Let's be clear here. "Sweatshop" is not a game for people who want to delight in exploiting child workers. It is a straightforward political tract, a heavy-handed consciousness-raising exercise designed to spread awareness about brutal labor conditions.
After playing through a couple of levels, I can't call it the most riveting game-play experience I've ever had. It's a lot more didactic than addictive. But that's not the point. Apps don't get banned by Apple for being lousy. The only possible people who could be offended by this game are employers who actually do block fire escapes and otherwise mistreat workers. And you know what, it's OK to piss them off.

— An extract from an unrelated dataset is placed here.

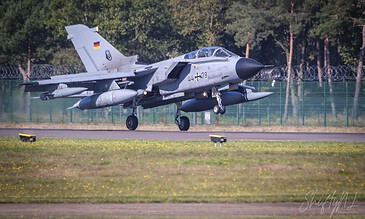 A sleek military aircraft in flight, captured during takeoff on a clear day, showcasing its aerodynamic design and power. Aero L-159 Alca fighter jet taking off from runway with trees in background.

The irony alert aspect of Apple banning a sweatshop game probably doesn't need to be underlined. But the bigger problem here is the fact that one company can have such a massive choke hold on a major distribution platform. You can go play "Sweatshop" as a free Flash game via the Web if you'd like, so it's not as if the muckrakers of today have no options at all. But it's still disconcerting. One Apple manager decides a politically charged game is "offensive" and a zillion iPhones and iPads and iPods can't have that app. Upton Sinclair would not be amused.
UPDATE: Upton Sinclair would really not have been amused to know that I brain-farted Sinclair Lewis into his place in the original version of this post.